Microsoft PowerPoint has defined the presentation format since its creation by Robert Gaskins and Dennis Austin in 1987, and the .pptx format (introduced with Office 2007 as part of Office Open XML) stores presentations as ZIP archives of XML files describing slides, layouts, themes, animations, and embedded media. PowerPoint presentations are used universally for business communications — quarterly reviews, investor pitches, sales decks, training materials, conference keynotes, and educational lectures all rely on the format. An estimated 500 million users interact with PowerPoint, and approximately 35 million presentations are created daily.
Each slide combines text, images, charts, tables, shapes, and multimedia into a visual narrative, with master slides and layouts ensuring brand consistency across decks. Modern PowerPoint supports advanced animations, slide transitions, 3D models, embedded video, real-time co-authoring, and AI-assisted design suggestions. The OOXML specification enables third-party tools to create, parse, and modify pptx files: python-pptx, Apache POI, Open XML SDK, and reveal.js converters provide programmatic access.
Presentation comparison is challenging because changes span multiple dimensions — slide content (text, data), visual layout (positioning, sizing), design (colors, fonts, themes), and narrative structure (slide ordering, speaker notes). Extracting text from each slide enables content comparison, while slide-by-slide visual overlay catches layout and design changes that text extraction alone would miss. Presentations frequently undergo multiple revision cycles across stakeholders, making version comparison essential for tracking how a deck evolved through review rounds.
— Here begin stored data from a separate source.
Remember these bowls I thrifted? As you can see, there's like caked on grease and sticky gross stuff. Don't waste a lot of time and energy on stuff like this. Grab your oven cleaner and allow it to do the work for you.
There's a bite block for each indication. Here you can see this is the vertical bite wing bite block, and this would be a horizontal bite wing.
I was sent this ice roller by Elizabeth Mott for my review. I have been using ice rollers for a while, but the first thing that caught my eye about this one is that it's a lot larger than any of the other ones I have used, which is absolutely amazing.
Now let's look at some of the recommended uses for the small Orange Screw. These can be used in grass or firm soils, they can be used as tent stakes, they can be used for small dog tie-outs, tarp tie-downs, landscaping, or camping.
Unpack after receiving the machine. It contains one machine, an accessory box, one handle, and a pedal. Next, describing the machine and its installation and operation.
Presentation revisions span content, layout, design, and narrative structure, requiring multi-dimensional comparison to catch all changes. Comparing PowerPoint files catches modified slide content that changes the presented message, reordered slides that restructure the narrative flow, updated speaker notes that alter the presenter's talking points, and changed chart data that affects the visual story.
Marketing teams reviewing campaign decks, executives approving board presentations, and educators updating lecture materials all need comparison that reveals both textual content changes and visual layout modifications across slides.
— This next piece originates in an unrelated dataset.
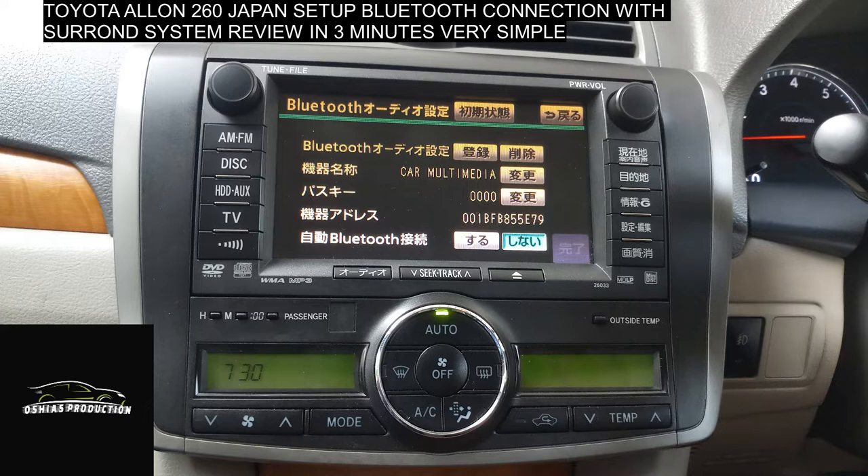Let us take a look at the original setup for our Japanese car platform. I will show you the most about the video to watch the Japanese car platform for Bluetooth and sound system.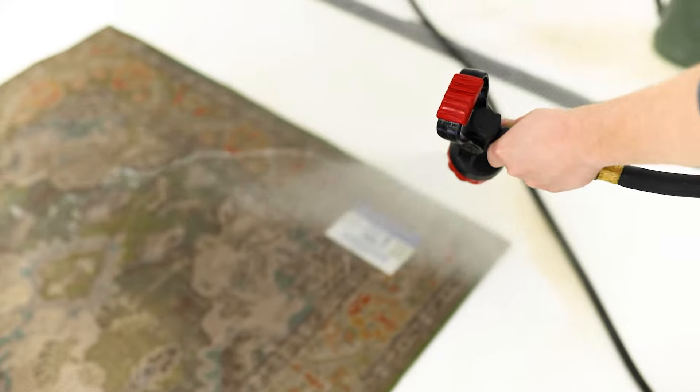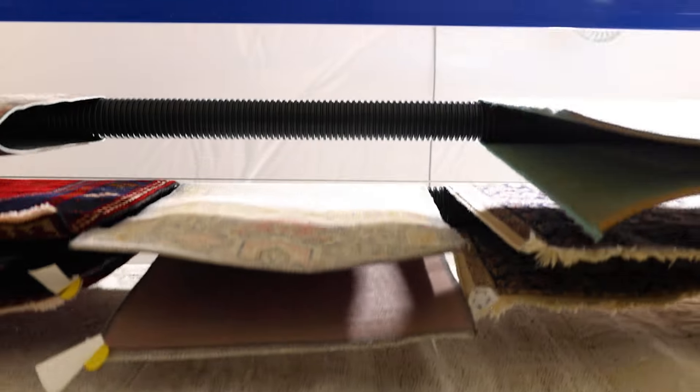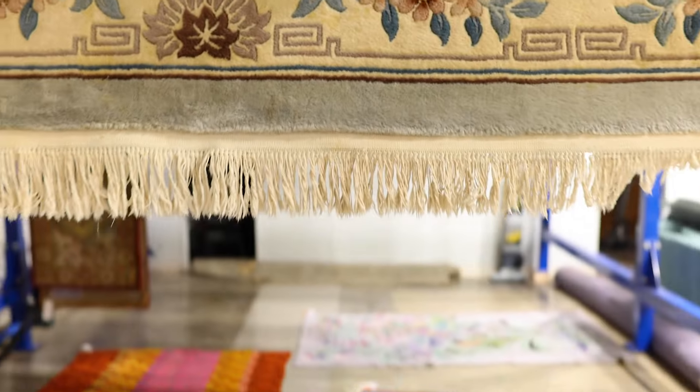Then from there it goes into our climate-controlled drying room for a day to two days. After that drying process, it gets some detailing work — the fringes need to get looked at, and if there are any specific stains that need treatment, those will get treated last.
UtraDiff compares PowerPoint presentations slide by slide, extracting text from titles, body content, speaker notes, and shape elements. Each slide's content is diffed individually, highlighting changed text, added bullet points, and removed placeholders. Slide ordering changes are detected as moves rather than delete-plus-insert pairs.
Speaker notes are compared separately from visible content. Slide count, layout references, and presentation metadata differences are reported alongside the content comparison.